本来なら父○○よりご連絡するところ、父も療養中のため、
娘の私より……。」
嫁がれて姓がちがうお嬢様からのお葉書でした、
数年前、
「夫が病気になって世話が大変になり、
あんな大好きだったピアノに気持ちを集中できなくて……」
と、退会された生徒さんです。
今年のお正月、ご本人からの年賀状。
「ピアノを習っていた何年間は、私の人生にとって宝物です」
と、書かれていました。
「こちらこそ、○子さんに教えることができた何年間は、私にとって宝物です」
とお返事。
今考えると、もしかしたら死期を感じて、あのような年賀状を?
頭の中を色々な想いがめぐります。
また別の元生徒さんが、望んでいた「モーツアルトのレクイエム」を聴きながら旅立たれたとご家族から伺いました。
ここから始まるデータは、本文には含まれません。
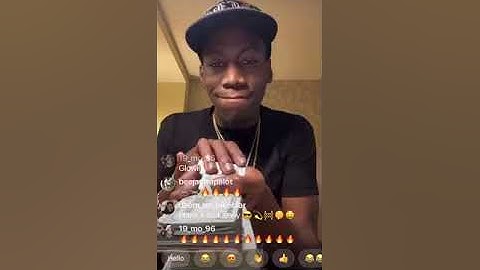 Shawney Binladen IG LIVE (SNIPPET FT.Big Yaya)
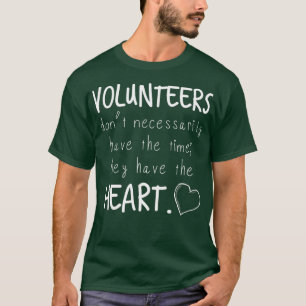 Camiseta Presente de valorização do voluntário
向かいのお宅のご主人が、好きだった「ホロヴィッツのショパン」を聴きながら息をひきとったことを以前に書きましたが、
好きな音楽を聴いて、愛する家族に見守られながら人生の幕を閉じる……
本当に幸せな最期だと思います。
人間の命は有限。誰でもそうです。
だからこそ、少しでもピアノで楽しい時間をもてれば……。
そのお手伝いを、少しでも出来れば……。
「このレッスンが、最後かもしれない」と思って日々、真剣に教えよう。
……そんな想いを、新たにした2022年師走。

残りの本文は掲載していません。